C# 4.0 Dynamic Types Allows Better Unit and Automated Tests


I noticed today that C# 4.0 will offer dynamic typing (no, your keyboard will not type magically for you…the other typing). Why mention it here? Well, if I understand the new feature right, this will fix a fairly large unit testing and automation roadblock caused by static types. For example, when writing tests in .NET and trying to consume/use a method on a .NET API or Web Service your tests are constrained to the method’s inputs static types at compile time. In other words, in the old C# world, if you had a method that looked like this:

public void testMe(int foo){ }

and you wrote a test that called the method like this:

testMe( “poofoo” );

the test would fail at compile time due to static typing (because the method’s input parameter type is an int, but we’re trying to pass a string)

Thus the roadblock I was describing… There are a lot of tests, poor error handling, AND hidden defects when you try to pass invalid types into inputs in a service. So, about now you are saying…”Who gives a crap Brent, if my service’s consumers use .NET they’ll compile, get the error and never even get a chance to send a string in where an int should be”. There was a day when I thought the same thing (a long time ago), until I consumed a Web Service using a Java application. For example, say you’ve exposed a .NET Web Service for the world to use… and I come along and consume it with Java, by doing that I can ignore your static/strong typing and send in that string that you weren’t prepared for. Strings don’t work so well as ints (especially when it’s “poofoo”, or even better “2147483648”). Most of the time the errors are just plain ugly, making the API or Web Service really hard to work with when trying to do good error handling management (imagine getting “you failed, line 67”, but then a code change occurs and now it’s line 68), but sometimes things fail on a larger scale and make some really cool defects.

Back to the point…

I’m thinking the new dynamic type in C# 4.0 will allow you to avoid that compile error if you’re writing your tests using C#/.NET. Thus, I could send in that string as an int and then see what happens at runtime. That test would look something like this:

dynamic poo = “poofoo” ;

Neither confirmed or denied at this point, but if true, I’M REALLY EXCITED. This will fix a major issue that I’ve had with testing .NET services using .NET.
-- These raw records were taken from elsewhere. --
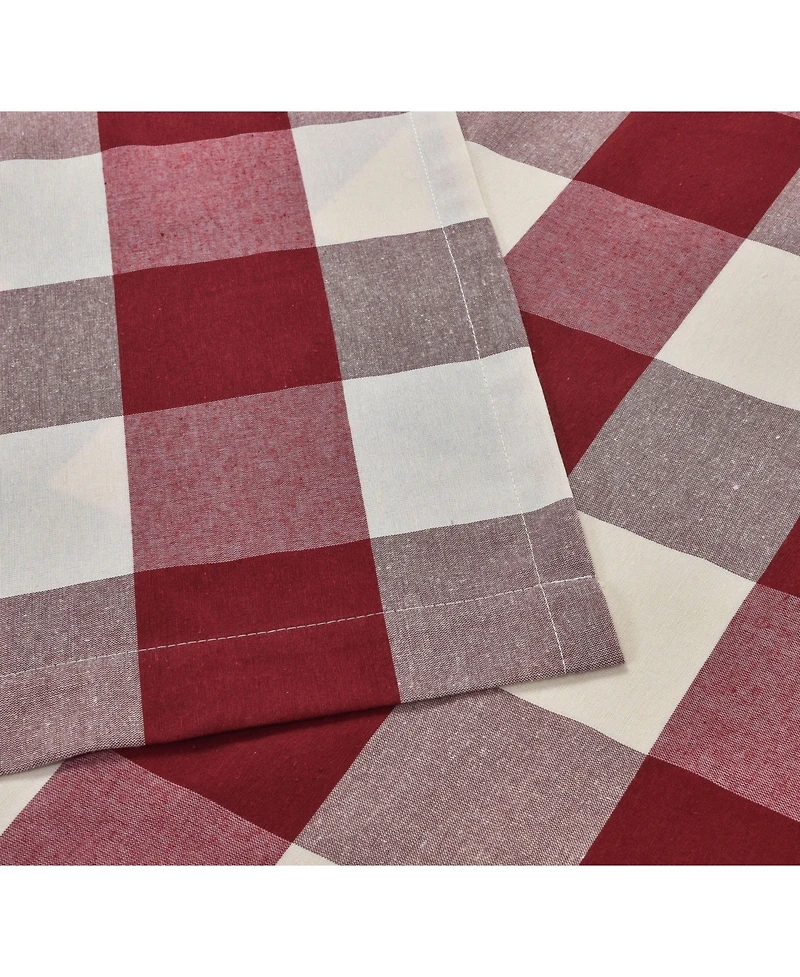 Kate Aurora Country Farmhouse Rod Pocket Buffalo Plaid Gingham Tie Up Window Curtain Panel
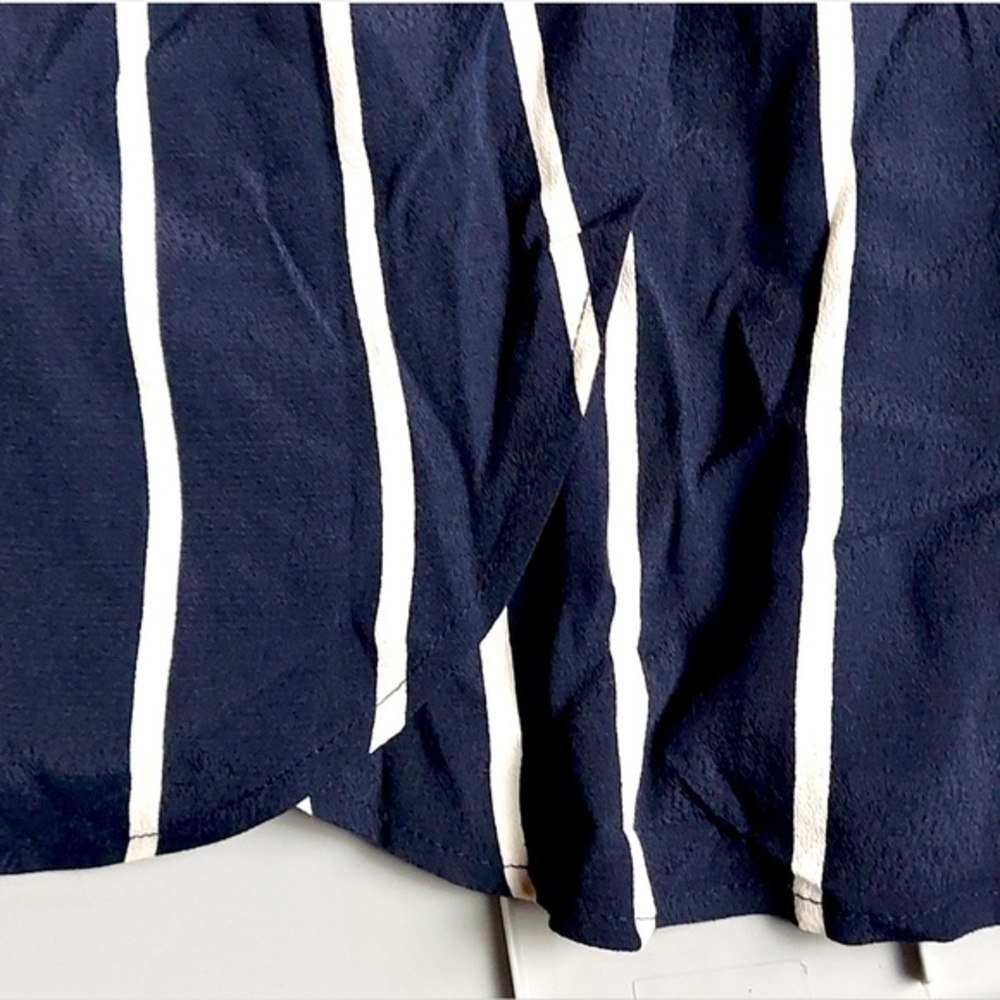 LOFT Petites Navy & White Vertical Stripe Wrap Skirt – Size 00P - Picture 3 of 5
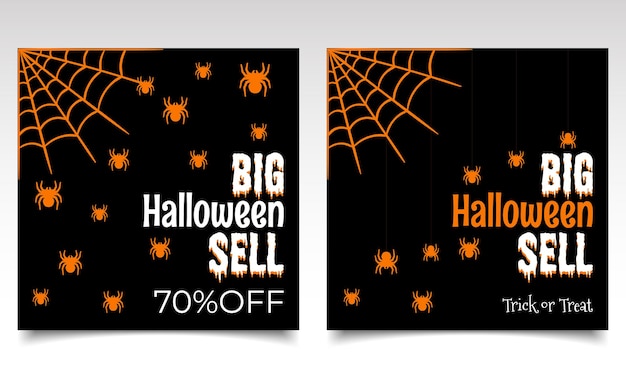 Halloween verkoop spandoek of poster of flyer ontwerpsjabloon.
It’s interesting the conversations that are spawned from the issues that come out sending invalid types…

Brent: The error message… “You failed, line 67” is poor and confusing, what did I do wrong?

Developer: It choked when you sent in the wrong type. Don’t do that.
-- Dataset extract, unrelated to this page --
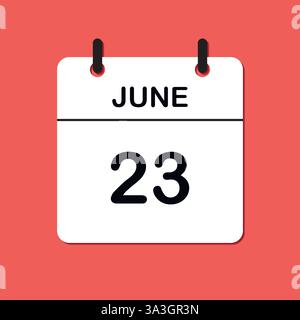 Juni. Symbol für Tageskalender für Design. Einfaches Design für Geschäftsbroschüren, Flyer, Printmedien, Werbung. Leicht bearbeitbar Stock Vektor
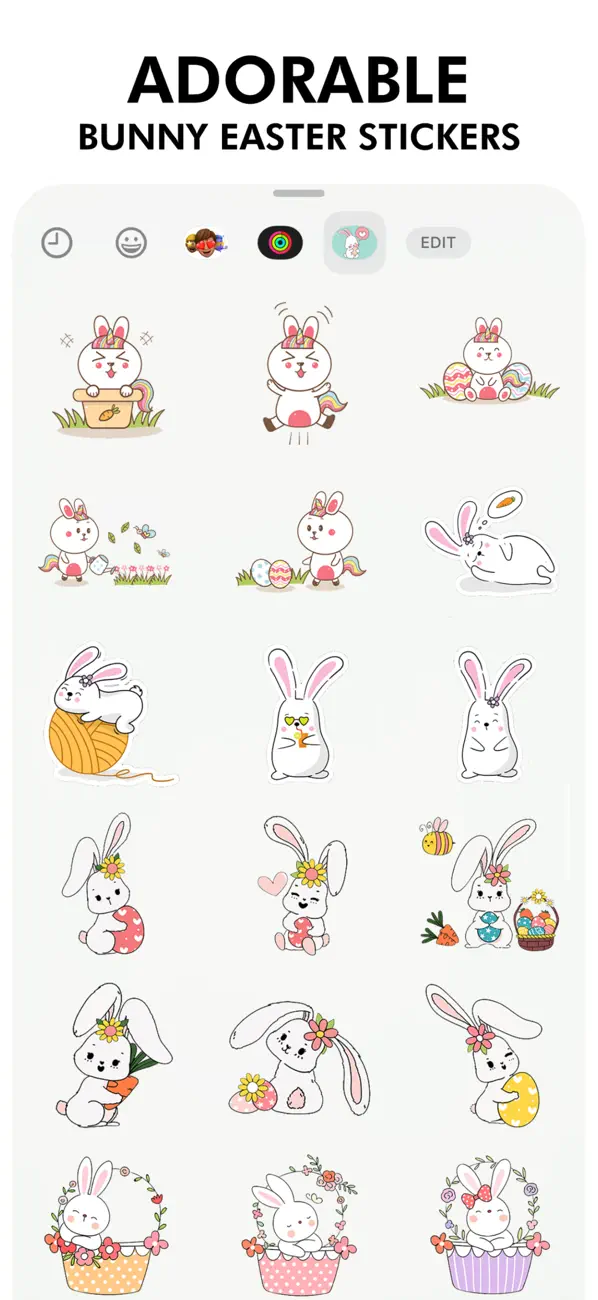 Screenshot #2 pour Adorable Bunny Easter Stickers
Brent: That sucks…so when our customers do the same thing and then call in for help we’ll just tell them that?

Developer: Well, Okay, I’ll put in a little error handling and a descriptive error message.

Brent: Sweet!

Brent: (Evil laugh in head) Hey… Will we support that error message as part of the API? Because, if you make it a message that I, a consumer can rely on, that means my code will depend on it, meaning that changes to the error are breaking changes. Breaking changes must be tracked and documented.

Developer: (Slowly backing away) I CANT HEAR YOU!!!